I’d go buy some fresh guitar strings, head home, re-string my guitar, and spend the entire day recording ideas.  That sounds incredible to me.  Oh, also I’d buy some cigarettes to keep me company.

Q. If you’re a girl that loves make up I’d like to know how you store your products? Where do you keep them? In a drawer? In a bag? I’m having a little dilemma as to how to practically store my make up so I’d love to know what you do to keep yours organized?
…I’m sorry I can’t help here.

Q. Tell me one random thing about you? It can be anything! Me? I like to watch movies and series with the subtitles on. No reason. I just like to read what I hear I guess.
Once, I was a janitor.  Worst. Job. I’ve. Ever. Had.

Q. Why did you start blogging? What is (in your opinion) the best part about blogging?
Why: To get better at web development and writing in general, and to try and learn something about myself.
What: The community is incredible!  I had no idea there was so much camaraderie — my impression of the internet free speech was YouTube trolls, so it was refreshing to know there are people out there who aren’t just out there to get off on conflict.
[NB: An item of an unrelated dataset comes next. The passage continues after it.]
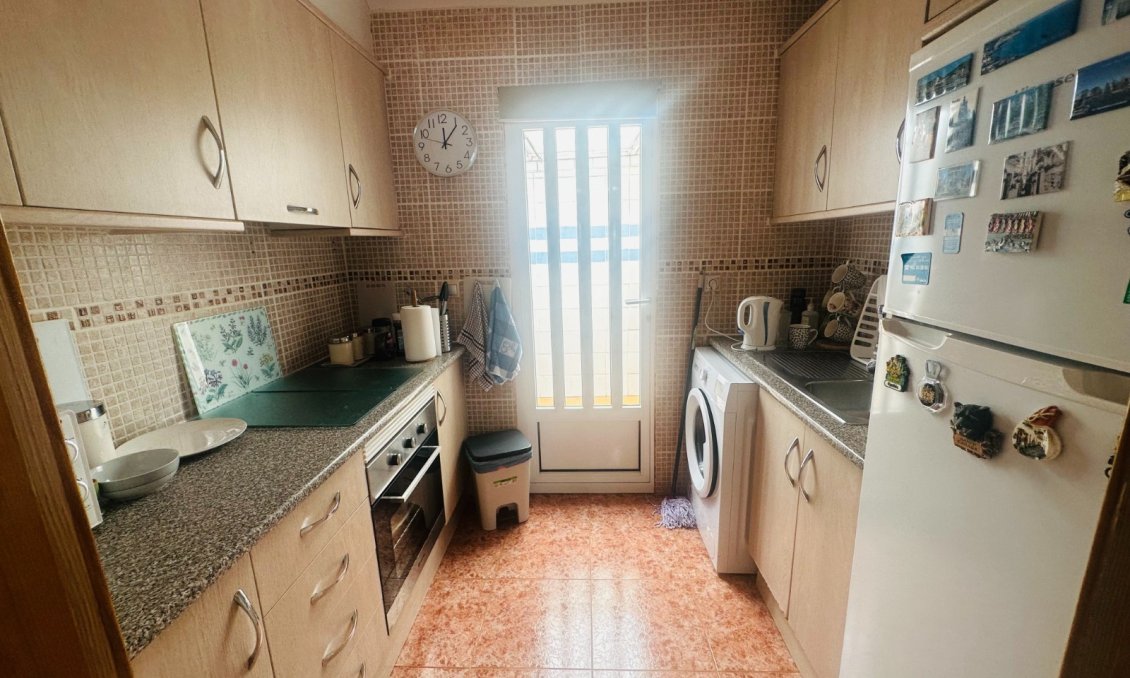 Használt Ingatlanok - Apartman -
Orihuela - Inland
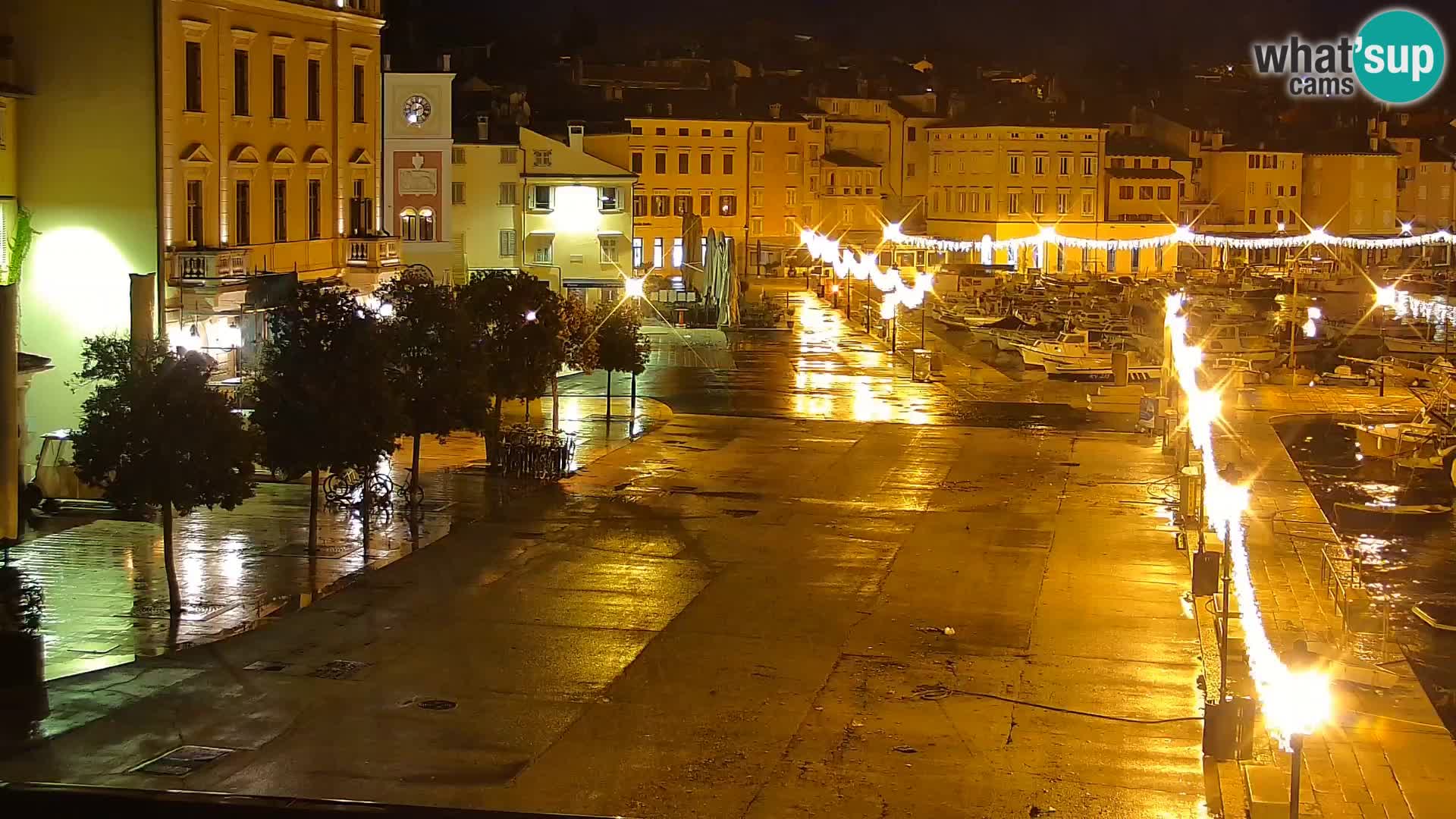 Promenade e marina en Rovinj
Q. What’s your favourite sandwich topping? A spread? Tomato and cheese? Describe the perfect sandwich.
Avocados, which in California are orgasmic.  Orgasmacados.  Yes.
I am actually not very picky when it comes to sandwiches — the only prerequisite is that I’d like mine to be filling.  I’ve willingly had some pretty mediocre sandwiches that get by simply because of their volume and density.